Return the lines exactly as they stand, from the first of the material through the line containing "Une vue en contre".

Content starts

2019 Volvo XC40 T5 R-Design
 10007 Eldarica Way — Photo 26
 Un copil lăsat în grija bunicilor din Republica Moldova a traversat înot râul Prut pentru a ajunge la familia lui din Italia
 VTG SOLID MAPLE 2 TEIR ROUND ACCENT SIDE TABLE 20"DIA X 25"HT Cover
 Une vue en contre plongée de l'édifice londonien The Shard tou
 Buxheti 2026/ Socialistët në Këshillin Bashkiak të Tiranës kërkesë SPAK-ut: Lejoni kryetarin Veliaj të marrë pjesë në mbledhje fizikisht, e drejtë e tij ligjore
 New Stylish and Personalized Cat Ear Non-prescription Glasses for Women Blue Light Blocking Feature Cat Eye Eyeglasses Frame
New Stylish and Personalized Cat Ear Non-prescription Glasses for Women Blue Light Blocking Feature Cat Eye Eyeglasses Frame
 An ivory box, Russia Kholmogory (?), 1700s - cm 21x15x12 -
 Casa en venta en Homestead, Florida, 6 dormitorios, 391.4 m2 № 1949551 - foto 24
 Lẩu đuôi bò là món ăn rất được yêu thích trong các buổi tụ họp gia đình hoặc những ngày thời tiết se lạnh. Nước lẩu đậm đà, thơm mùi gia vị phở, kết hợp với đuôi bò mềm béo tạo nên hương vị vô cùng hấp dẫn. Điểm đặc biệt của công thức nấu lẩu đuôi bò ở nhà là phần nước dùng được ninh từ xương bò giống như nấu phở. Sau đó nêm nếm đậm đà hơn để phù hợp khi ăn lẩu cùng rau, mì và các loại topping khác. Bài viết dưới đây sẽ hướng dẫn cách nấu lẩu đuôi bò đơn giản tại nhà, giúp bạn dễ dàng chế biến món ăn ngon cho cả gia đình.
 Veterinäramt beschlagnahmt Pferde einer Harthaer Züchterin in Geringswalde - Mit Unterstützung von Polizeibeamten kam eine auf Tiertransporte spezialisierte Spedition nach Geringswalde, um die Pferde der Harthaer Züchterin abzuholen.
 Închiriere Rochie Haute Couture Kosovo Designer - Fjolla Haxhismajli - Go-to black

Content ends

» Finished exercise:
2019 Volvo XC40 T5 R-Design
 10007 Eldarica Way — Photo 26
 Un copil lăsat în grija bunicilor din Republica Moldova a traversat înot râul Prut pentru a ajunge la familia lui din Italia
 VTG SOLID MAPLE 2 TEIR ROUND ACCENT SIDE TABLE 20"DIA X 25"HT Cover
 Une vue en contre plongée de l'édifice londonien The Shard tou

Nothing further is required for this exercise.